Some 60 per cent of black and ethnic minority teachers are thinking about leaving the profession, according to a recent report from the Runnymede Trust. Why?

Personally, it doesn’t matter how confident I feel about being black, it doesn’t matter how often I repeat “Say it loud, ‘I’m black and I’m proud’” in the car; as soon as I’m in the overwhelmingly white surroundings of most staffrooms, my bravado melts away.

I am constantly aware of my difference. My husband and I often jokingly question why we frequent so many places where we’re the “only ones” - the only blacks in sight. This is fine in the outside world, but such a situation creates an abundance of stress in school.

One black or minority ethnic (BME) teacher told the Runnymede Trust: “Some staff are disappointingly ignorant and do not realise that they carry implicitly racist views that are usually ill-thought-through.”

This teacher is right: hidden assumptions about my political persuasion, musical taste and financial standing often reveal themselves in my white colleagues.

For example, when I talk about the music that I write, they assume that I’m a singer and are surprised that I’m a violinist; or they raise an eyebrow at the fact that I live in a relatively affluent area.

Correspondingly, I also feel that I have to tone down my “blackness”, soften my loud ghetto voice, mellow my political views and make my hair as eurocentric as possible so no one thinks I’m a black panther.

I remember the outright fear on a colleague’s face when I (jokingly) talked about brainwashing my children to be militant, and the disdain from a senior leader when I turned up with plaits and beads in honour of Stevie Wonder. Making my blackness invisible is painful, particularly in schools where a large proportion of the cohort is black.

What the Runnymede Trust calls the “microaggressions” in the staffroom is illustrated by an anecdote from a friend of mine - a black mentor in a predominately white middle-class neighbourhood, with a vast majority of white teachers and pupils.

She described how colleagues had roasted a black pupil’s family because her mother had not agreed on the spot to the sharing of confidential information with other agencies. My friend was dismissed out of hand when she suggested that they approach wider family members, not just her mum.

Why was this an issue? The white staff were judging the cultural value of a child belonging to a community; not just the parent. Rather than being aware of their racial bias, these teachers were applying their constructs of family life and pressurising the parent to conform.

Racial stereotypes

Observing cultural misunderstandings can move black staff to try to translate the perspective of African-Caribbean families to white staff. Too often, such gentle explanations fall on deaf ears - and the prospect of retreating back to invisibility becomes an appealing one.

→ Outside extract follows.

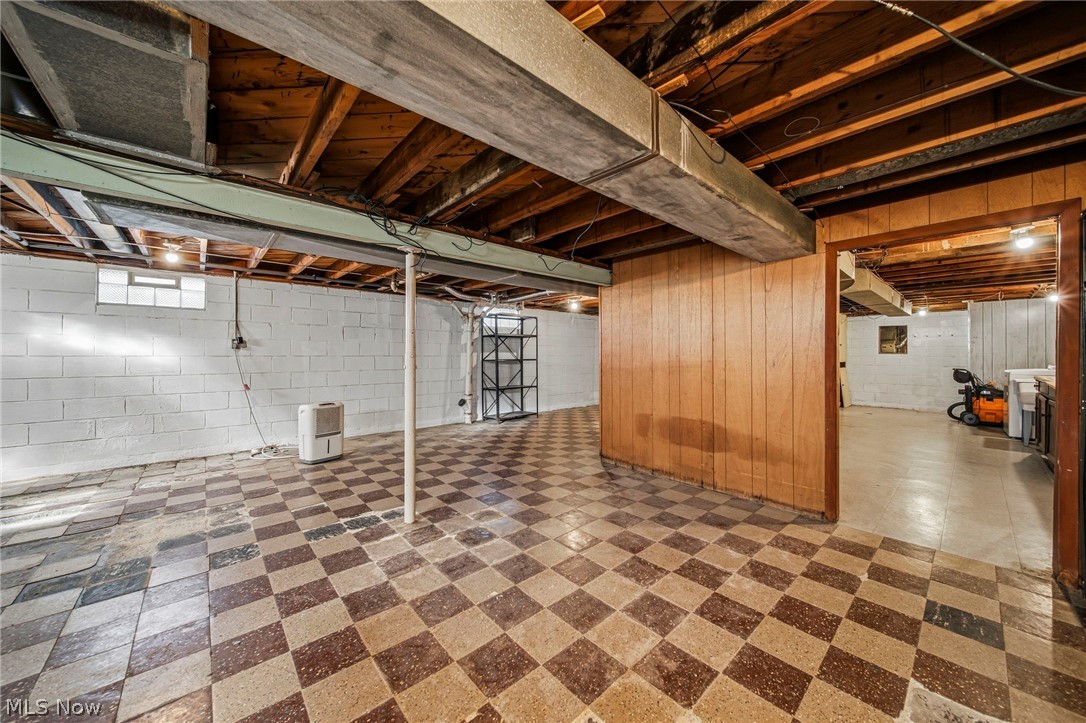 3203 Court Street Ashtabula OH 44004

Similarly, black teachers will often talk about how we are given the tough situations to handle. A black African male teacher interviewed by Runnymede explained: “I’ve been given additional responsibilities for behaviour management in key stage 4 and for Year 11s resitting their GCSEs. Both are difficult groups, but I was given these responsibilities despite telling my boss that I didn’t want them.

“I think it stems from stereotypes [that the school] have of black men as more intimidating - KS4 is the toughest year group. But it is subtly reinforcing stereotypes.

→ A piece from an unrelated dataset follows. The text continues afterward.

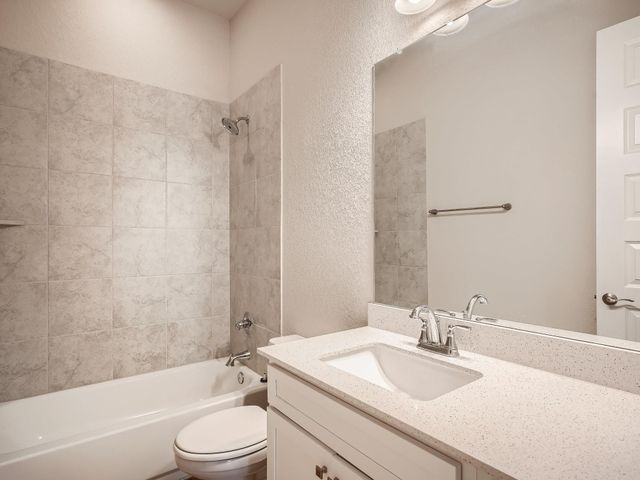 1220 Highland Ridge RD, Georgetown, TX 78628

“We tend to be given the tough behavioural jobs, rather than the intellectual challenges and responsibilities.”

Given that most black teachers believe that they must work that much harder if they are to succeed, it’s very difficult to say no when senior leaders claim to need “expertise”.

Is it any wonder, then, that black teachers also feel there are low expectations and support from senior staff?

Let’s be clear: most black people have a different way of expressing ourselves. This cultural diversity needs to be celebrated and not suppressed.

I have recently become aware of an example of a black head of year being told by senior leaders to decrease the decibels and speak more genteelly in the corridors.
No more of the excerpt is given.